Debit vs Credit
A debit card is linked to your checking account. Once you swipe and enter your pin, the money is deducted from your bank account in real time.
You may have noticed that you can also use the credit option when using your debit card. Selecting this option at the time of purchase does not suddenly turn your debit card into a line of credit you can borrow from. This purchase doesn’t require a PIN and the transaction happens offline. Once the merchant batches their receipts and reconciles them with the credit card company, your transaction goes through. This can take roughly two to three days. The credit option is not credit as nothing is borrowed from the bank, it’s your money.
When you use a credit card, you are actually borrowing the money from a bank to make a purchase with the intent to pay it back when the bill arrives. If you don’t pay your bill in full when it arrives, you will be charged interest which means that you will actually be paying more for your purchases.
The issue of security should always remain a consideration when using both your debit card and credit card.
- With a fraudulent credit card purchase, the consumer’s liability is limited to $50 or less, if the fraud is reported within 60 days.
- For a debit card, acting fast limits your liability for charges you didn’t authorize.
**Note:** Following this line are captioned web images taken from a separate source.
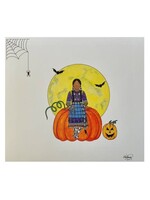 Art Print: Young Girl Sitting on A Pumpkin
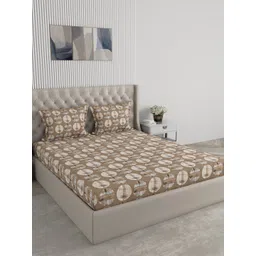 Raymond Home Brown Geometric 104 TC King Bedsheet with 2 Pillow Covers-image-10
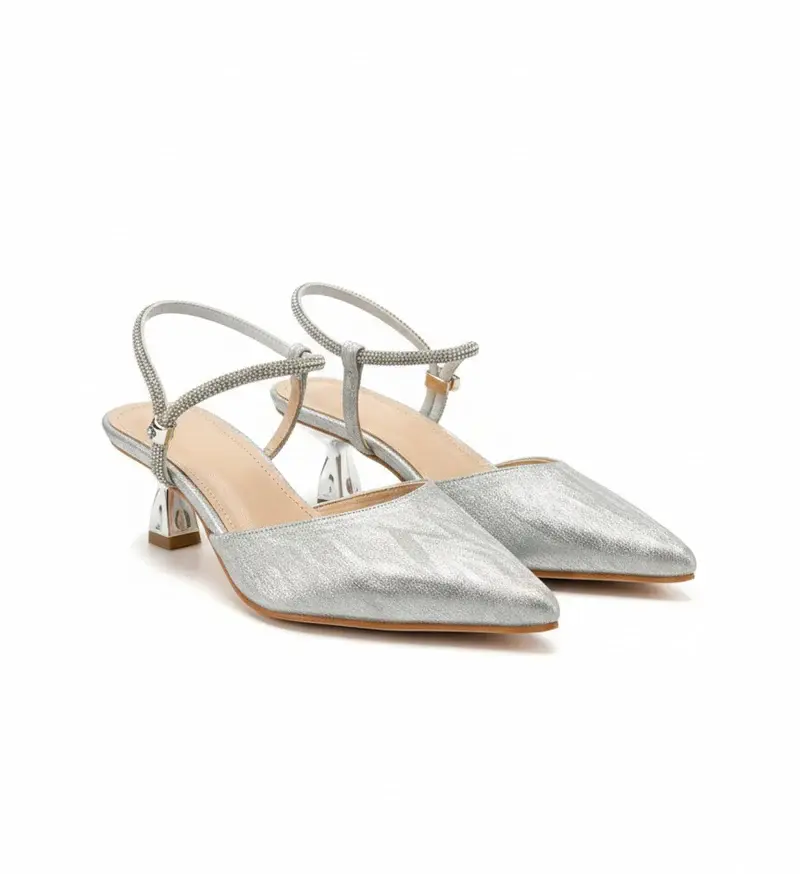 Heel with Sparkling Back Strap and Luxurious Details C-78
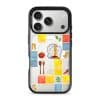 Home Cooking phone case by Mewmovement, a tiled kitchen of ingredients around a character eating noodles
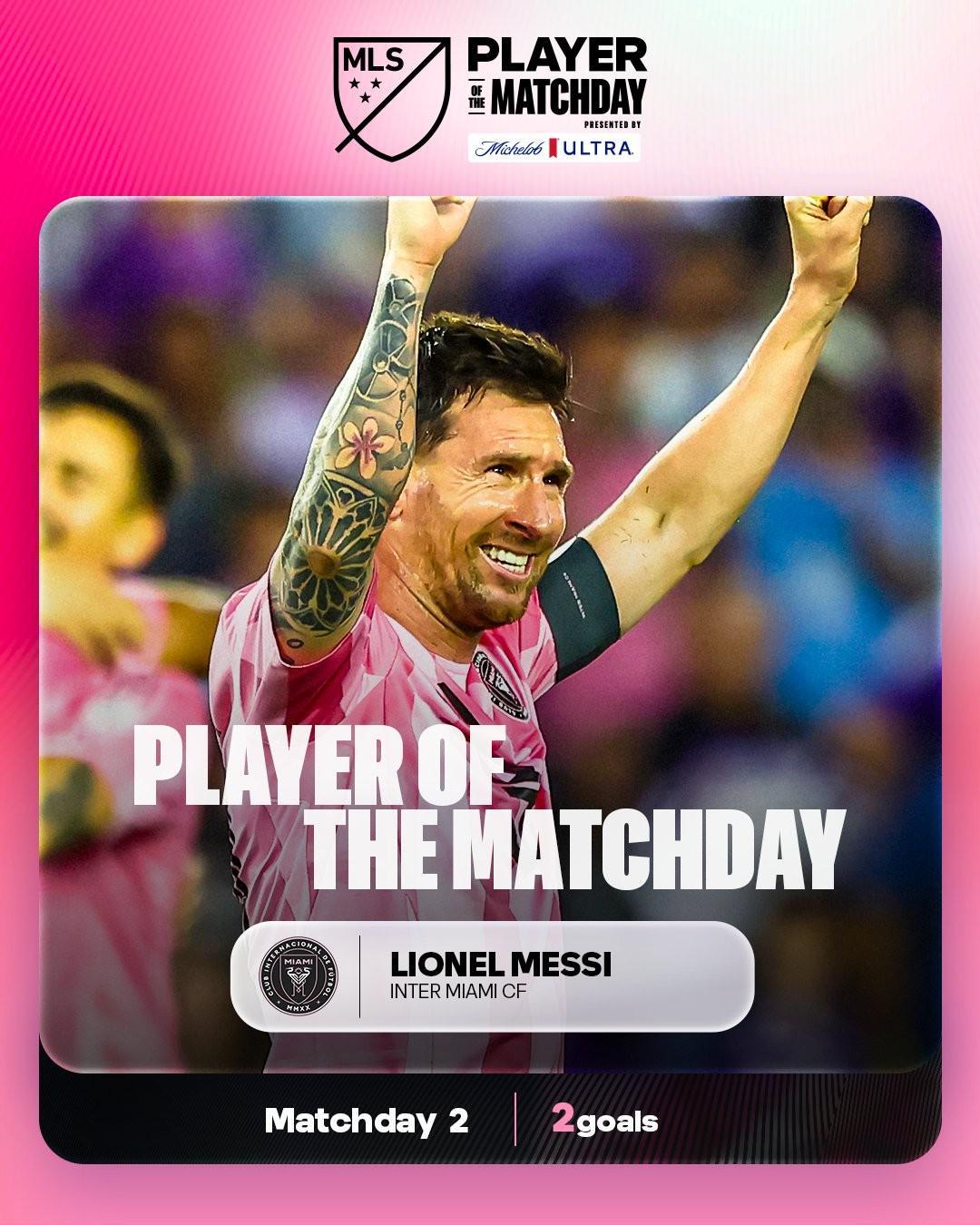 世界杯官方平台-梅西第13次获得美职联周最佳球员,距多诺万的纪录还差6次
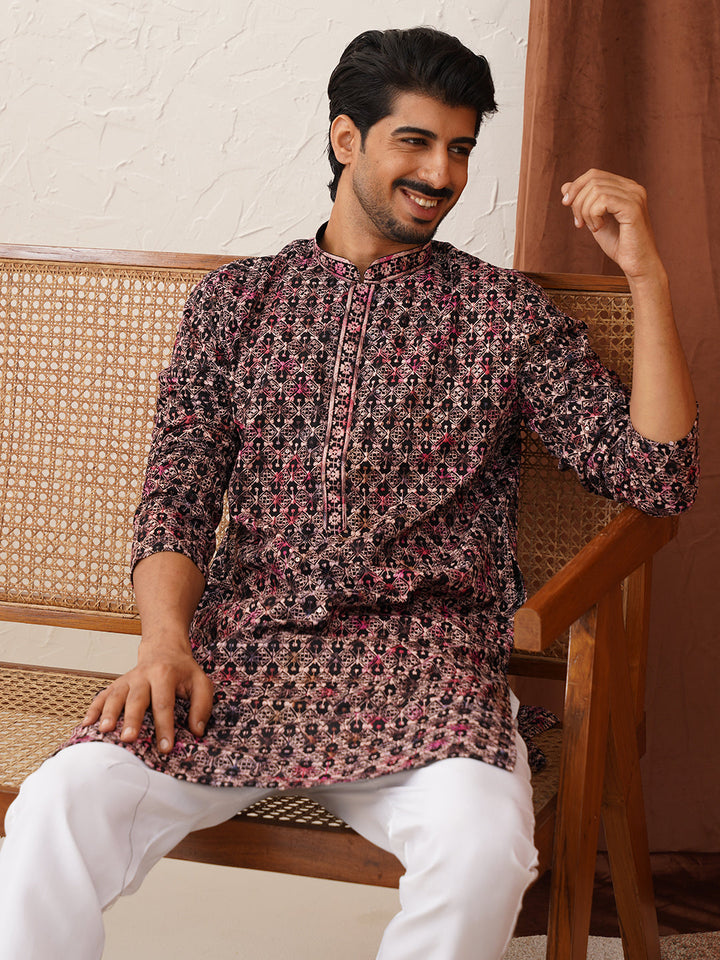 Embroidered Viscose Kurtas For Men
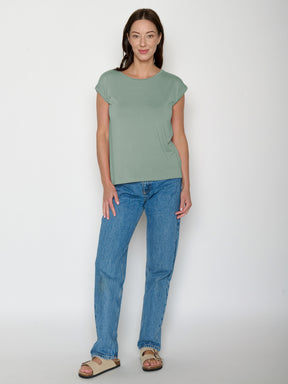 Pale Green: Lässiges Shirt aus LENZING™ TENCEL™ Mix für Damen [22163]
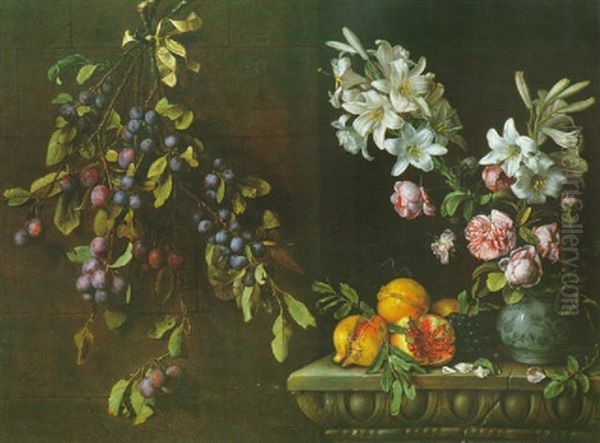 Nature Morte A La Branche De Prunier Suspendue A Un Mur, Grenades Et Vase De Lys Sur Un Entablement Sculpte by Pierre Dupuis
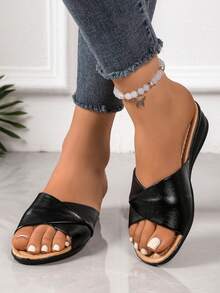 Sandales compensées d'été pour femmes en grandes tailles, nouvelles sandales mi-talon mode Glissant confortables et antidérapantes pour mères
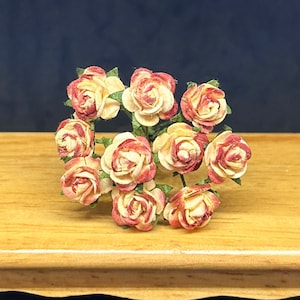 10 mm.Miniatur Maulbeerpapier Blume,Miniatur Papierblume,Mini Rose Blume,Puppenhaus Papierblume,Miniatur Rose,Puppenhaus Rose,DIY Blume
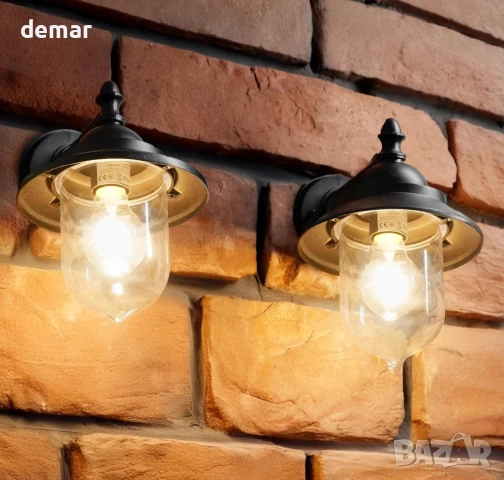 EBION Coach Фенер Външни стенни лампи, 2 бр. Традиционни винтидж ретро външни лампи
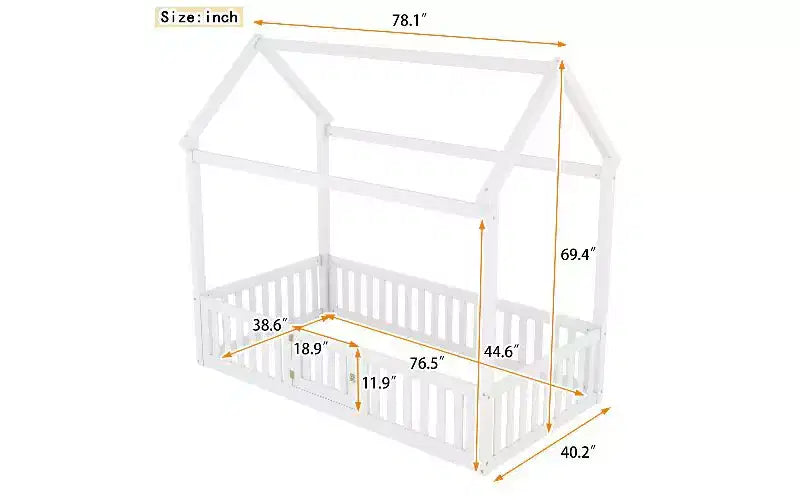 TUYOHW Twin Size Floor Bed Frame, Solid Pine Wood House Platform Bed Frame with Sky Roof & Guardrail Door, Toddler Bed for Kis Play & Sleep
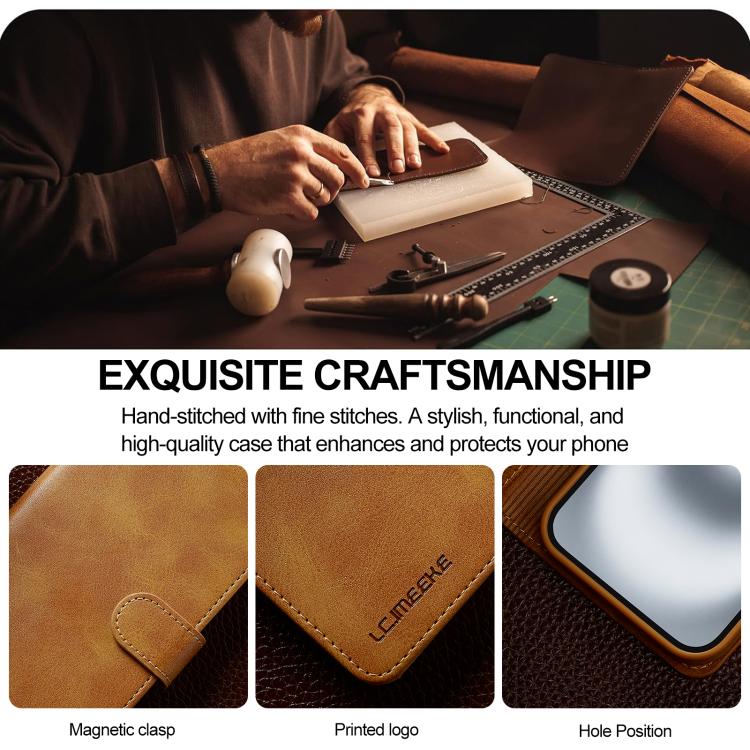 LC.IMEEKE Calf Texture Horizontal Flip Leather Case For iPhone 17(Yellow) - iPhone 17 Cases by LC.IMEEKE | Online Shopping UK | buy2fix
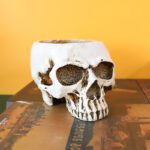 Spooky Decor - White Halloween Skull Resin Desktop Ornament and Pen Holder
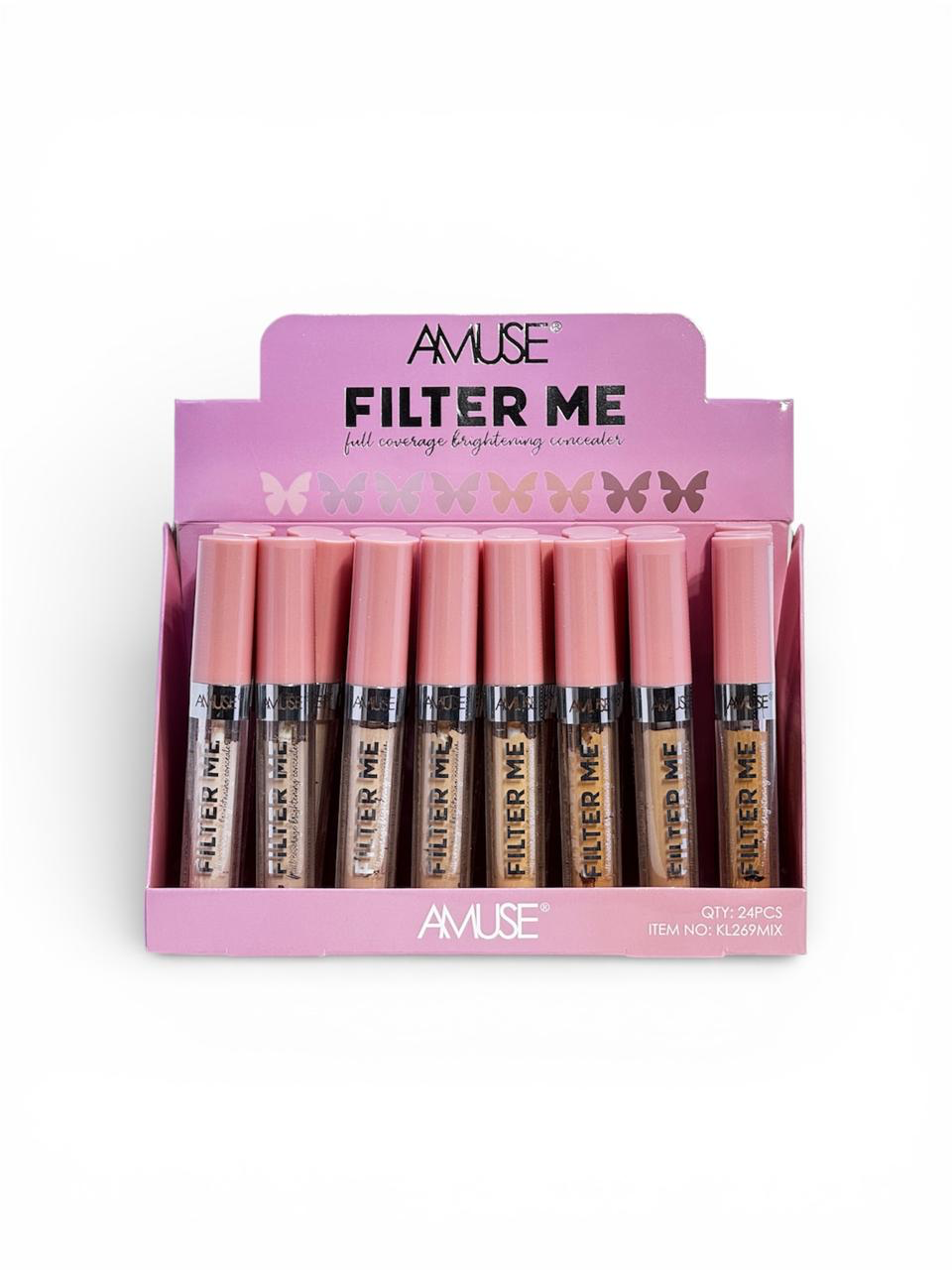 Exhibición de tubos de corrector “AMUSE Filter Me” en una caja rosa y violeta.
Report the loss or theft of your card as quickly as possible. Many companies have toll-free numbers and 24-hour service for such emergencies. Once you report the loss of your ATM or debit card, federal law says you cannot be held liable for unauthorized transfers that occur after that time.
- Because of the difference in fraud protection, if you are looking to use plastic, it’s best to use a credit card in a situation where a waiter or attendant takes the card from you. Also, use a credit card for phone and on-line purchases.